(DATA SECTION begins)
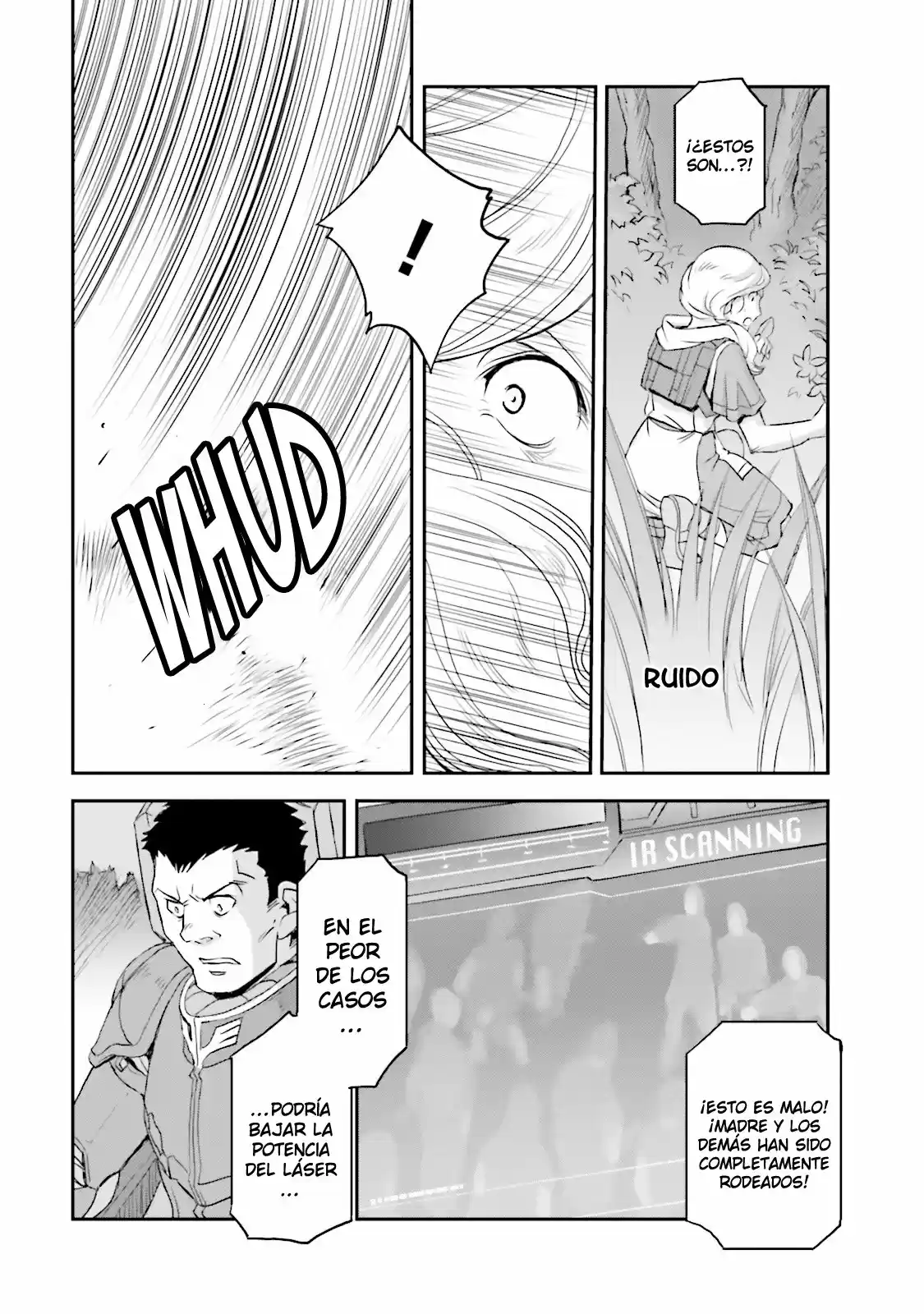 Moon Gundam - Capítulo 10 - Página 37 - LectorTMOo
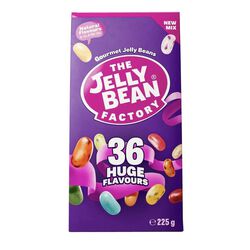 Jelly Bean Boîte Pliante 36 Saveurs Énormes 225g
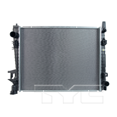thumbnail image 5 of For Dodge Ram 1500 Radiator 2002 2003 | Vehicle Trim: 5.9L V8 360 CID; Crew Cab Pickup; Standard Cab Pickup; GAS; w/ Automatic Transmission | CH3010281 | 52028830AF, 5 of 6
(DATA SECTION ends)
> _WORK TO COMPLETE_
Transcribe all of the material exactly, leaving out whatever pictures it contains.

> _SOLUTION_
 Moon Gundam - Capítulo 10 - Página 37 - LectorTMOo
 Jelly Bean Boîte Pliante 36 Saveurs Énormes 225g
thumbnail image 5 of For Dodge Ram 1500 Radiator 2002 2003 | Vehicle Trim: 5.9L V8 360 CID; Crew Cab Pickup; Standard Cab Pickup; GAS; w/ Automatic Transmission | CH3010281 | 52028830AF, 5 of 6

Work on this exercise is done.